**Requirement**:
Using the records below, output the stretch that opens with the line containing "Used 2014 Toyota" and closes with the line containing "Quy trình may", exactly and including both lines, with nothing more.
Data for the task Block Start
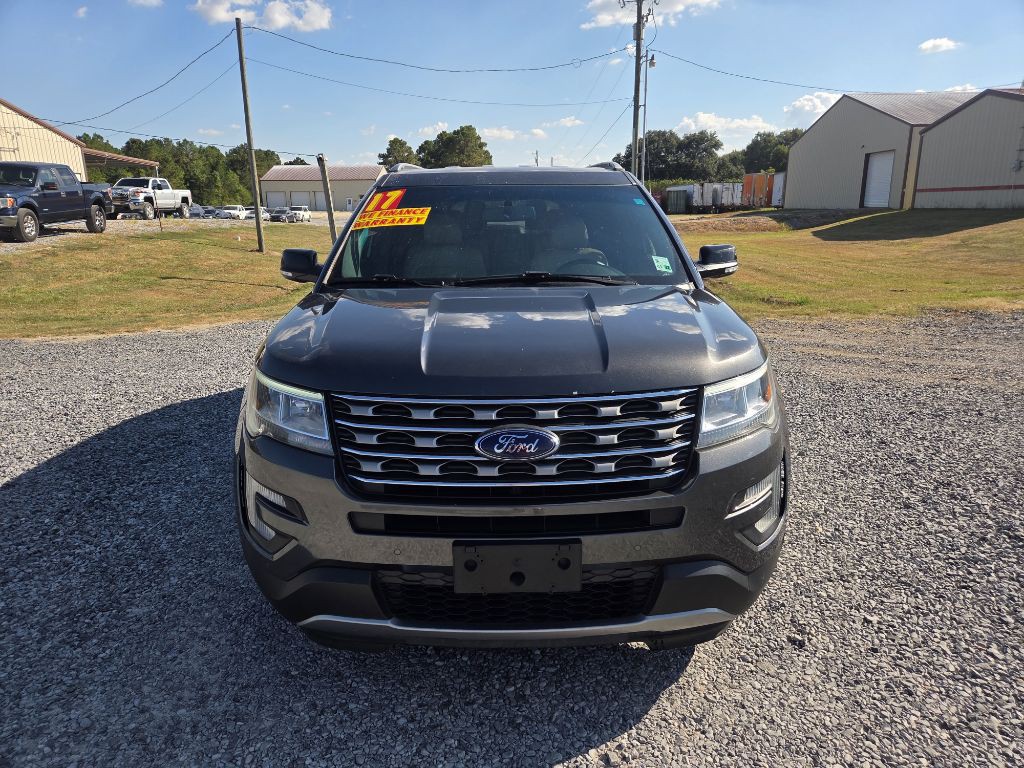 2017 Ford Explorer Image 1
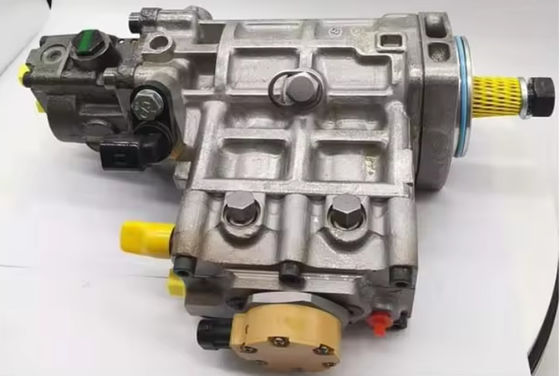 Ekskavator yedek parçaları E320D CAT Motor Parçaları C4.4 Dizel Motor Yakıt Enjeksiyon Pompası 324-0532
Data for the task Block End
Data for the task Block Start
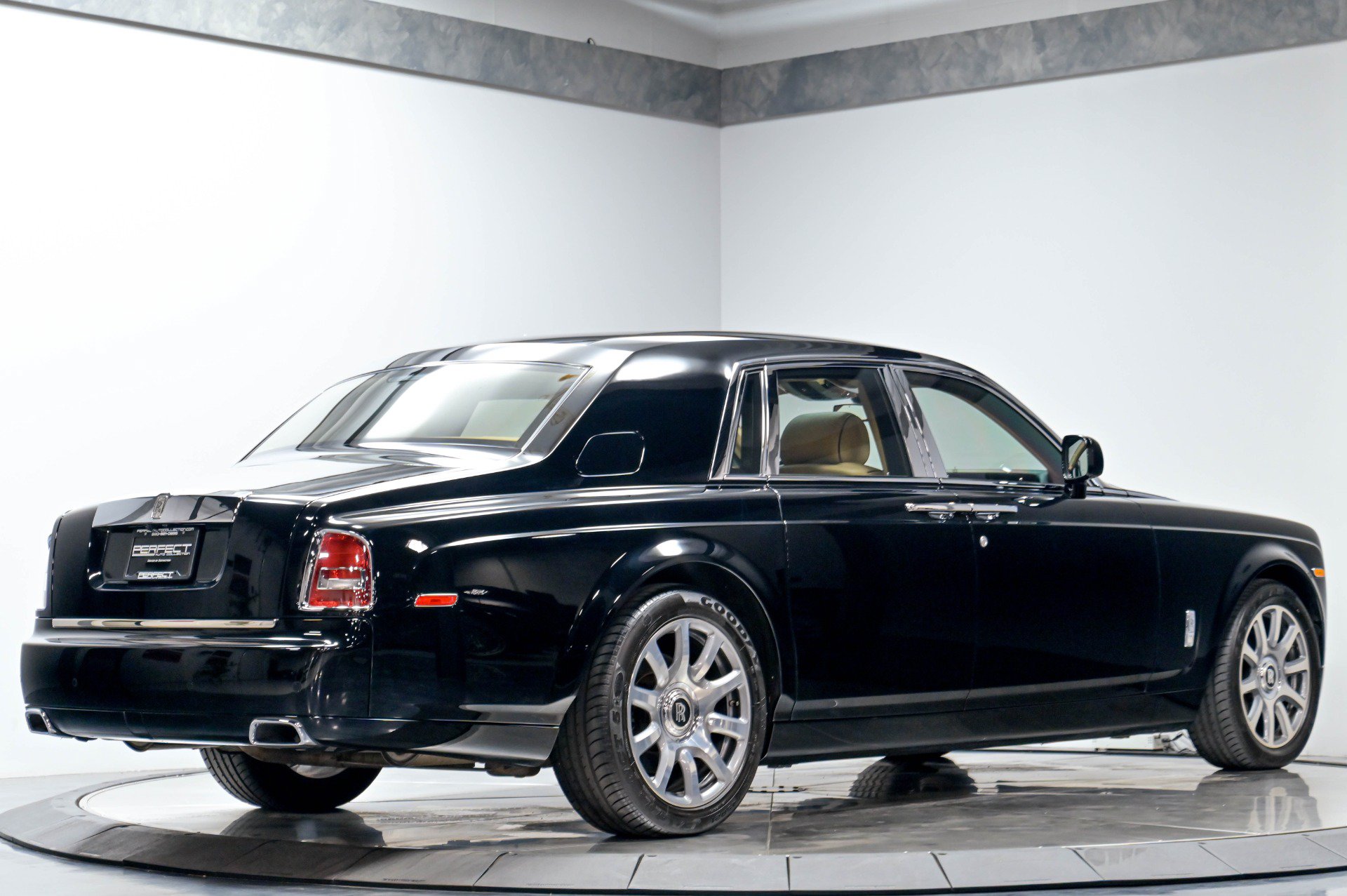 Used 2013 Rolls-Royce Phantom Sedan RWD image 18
Data for the task Block End
Data for the task Block Start
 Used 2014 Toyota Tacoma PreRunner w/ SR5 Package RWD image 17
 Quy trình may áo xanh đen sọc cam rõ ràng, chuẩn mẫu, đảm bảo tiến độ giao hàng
Data for the task Block End
**Exercise result**:
 Used 2014 Toyota Tacoma PreRunner w/ SR5 Package RWD image 17
 Quy trình may áo xanh đen sọc cam rõ ràng, chuẩn mẫu, đảm bảo tiến độ giao hàng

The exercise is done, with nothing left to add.